Às vezes não conseguimos parar de comprar produtos de plástico porque precisamos deles. As empresas que têm o poder de mudar estão priorizando o dinheiro sobre nossas vidas.

É por isso que digo que os poluidores devem pagar. Temos que responsabilizar cada um deles.

Vou insistir até que eliminem gradualmente os plásticos porque as pessoas estão enfrentando câncer em Uganda. Organizamos a arrecadação de fundos para que as pessoas sejam levadas para o exterior para tratamento. Mas, novamente, as empresas não apóiam essas iniciativas, apesar de serem as causadoras. Temos que lutar contra os poluidores por todos os meios.

Thred: O Egito tem uma grande participação no Pavilhão da Água este ano na COP. Quão esperançoso você está de que essa conexão impulsionará a agenda para tornar a água potável acessível?  

Bodhi: No Egito, eles usam a dessalinização, onde você pega água dos oceanos próximos e remove o sal para obter água doce.

Sistemas de captação de água como esses são muito importantes. Precisamos nos concentrar em soluções, soluções baseadas na natureza, bem como inovações africanas lideradas pela comunidade.

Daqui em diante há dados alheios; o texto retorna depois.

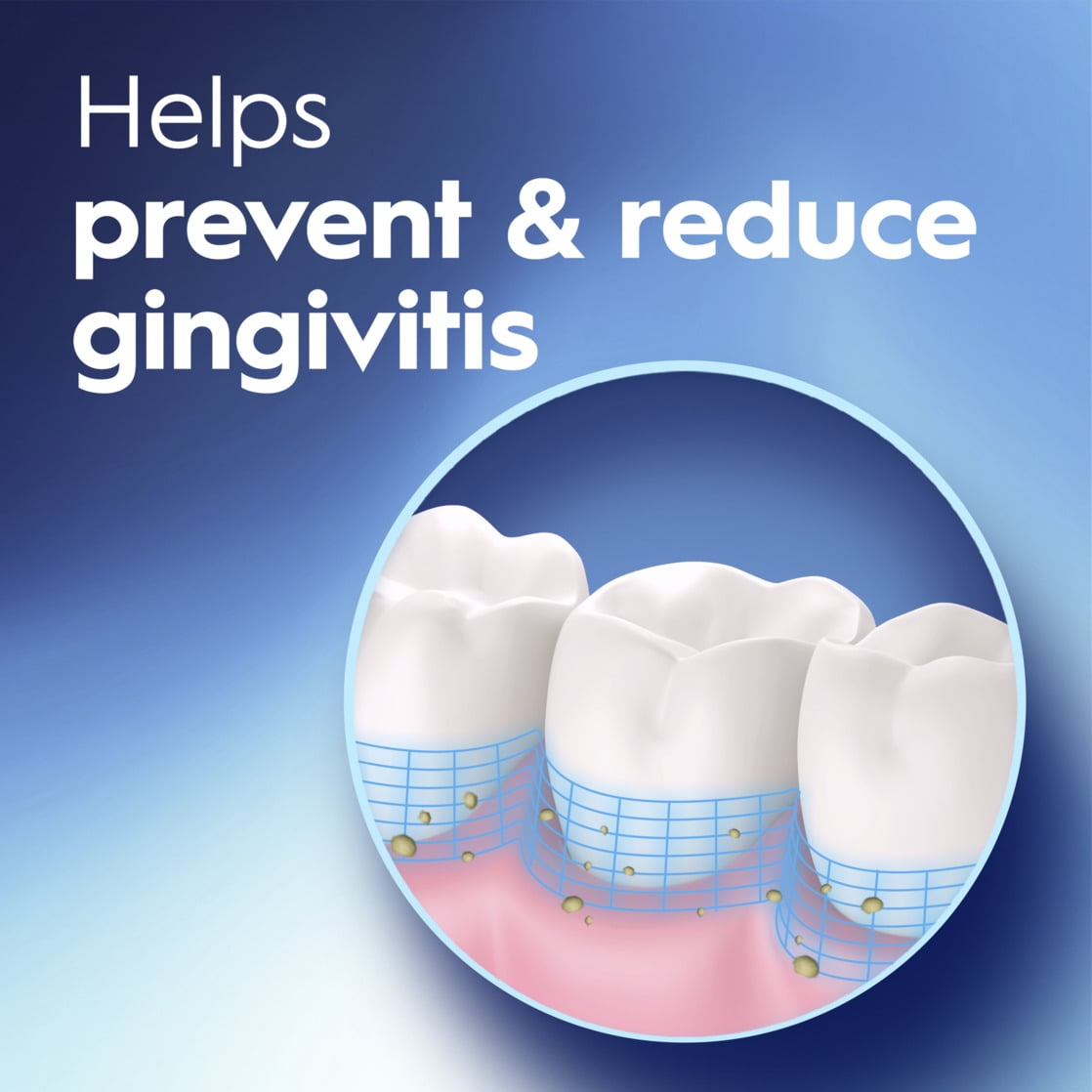 Crest Pro-Health Gum Restore Mouthwash/Mouth Rinse, Antigingivitis/Antiplaque, Clinically Proven, Fights Gum Disease, Alcohol Free, Smooth Mint - 1L (33.8 fl oz)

Isso nos ajudará a melhorar o acesso à água potável e a melhorar nossos recursos.

A água potável deve ser um direito universal. É necessário para cada pessoa neste planeta.

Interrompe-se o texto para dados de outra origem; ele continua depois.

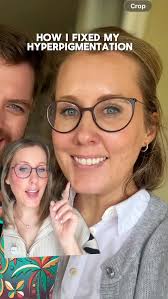 having acne prone, dry, scarred skin in your late thirties is SO  frustrating, and it’s honestly hard to look at old pictures of my skin.  here’s what has worked for me in the past year to fix my acne ...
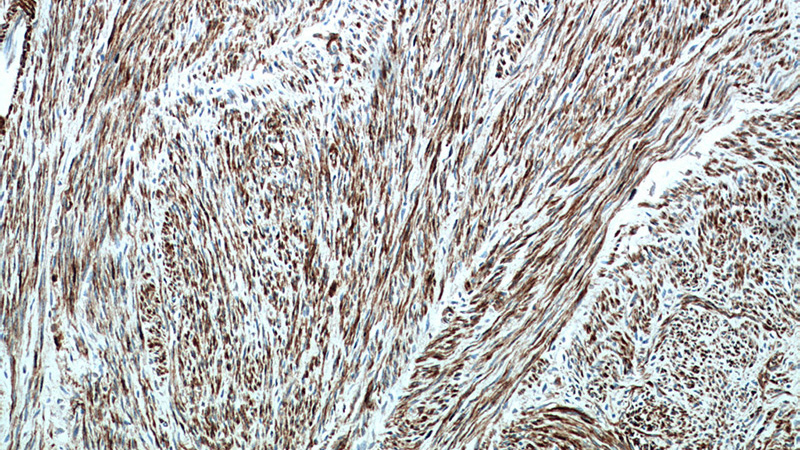 Immunohistochemical of paraffin-embedded human hysteromyoma using Catalog No:107705(ACTA2 antibody) at dilution of 1:50 (under 10x lens)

Mais importante, se você não está na faculdade ou no Egito agora, há muitas maneiras de se envolver. É tão inspirador aprender com os outros. Termino dizendo que água é vida, água somos nós, e nós somos água.

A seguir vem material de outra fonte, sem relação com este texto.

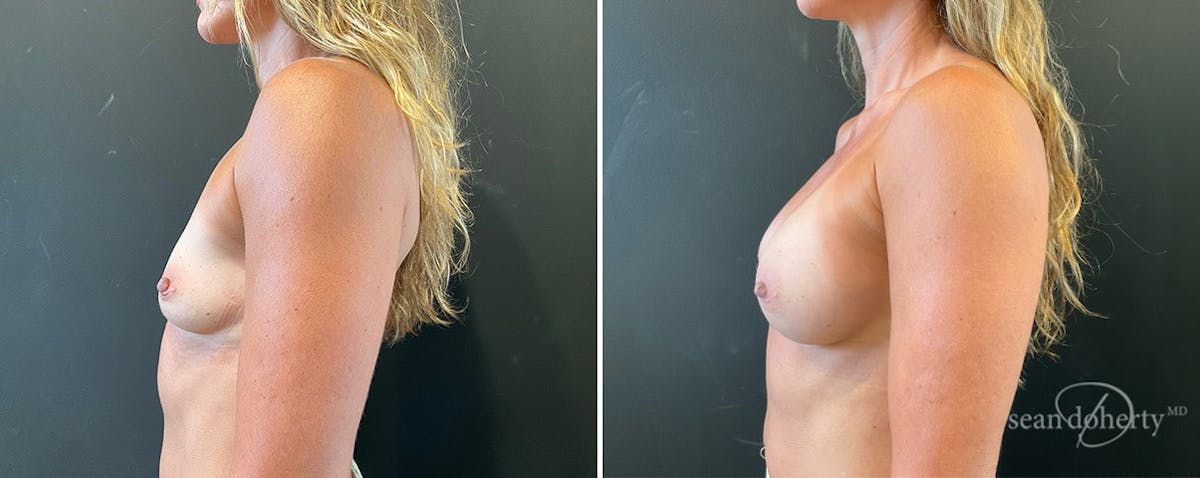 Breast Augmentation  Before & After Gallery - Patient 876964 - Image 3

Nyombi: Não acho que os resultados virão da COP27.

O que a mídia não mostra é que os líderes e 600 lobistas do combustível estão dando festas e bebendo todas as noites. De manhã, eles conversam sobre o que aconteceu na noite anterior. Esta é a conversa que está acontecendo no terreno aqui. Portanto, se não vemos nada mudando, não se surpreenda.

Os líderes que foram enviados para cá não estão trabalhando na nossa agenda.

Quando cheguei ao COP, queria me envolver, mas nos primeiros dois dias não tive permissão. No terceiro dia, disse a um dos delegados do governo de Uganda: 'Gostaria de fazer parte da negociação. Você pode, por favor, me dar uma vaga?

Ela me deixou entrar imediatamente. Quando entrei, perguntei: 'Por que as pessoas desfavorecidas não estão entre as pessoas que negociam? Por que eles não estão trabalhando com as pessoas para fazer este relatório?'

O moderador disse: 'Você voltará quando este relatório for publicado.' Então, mesmo quando estamos aqui, ainda parece que nossa voz não importa. Eles sabem o que estão fazendo. Eles sabem que não precisam nos incluir para eles liberarem o que quiserem.

Tenho muitos amigos a trabalhar no terreno e é aí que está a minha esperança, mas não aqui.

O que vejo é uma festa. Aos meus amigos – e a todos os jovens – são vocês que me mostram ações reais. Na verdade, estamos tentando limpar essa bagunça. É aí que encontro muita esperança.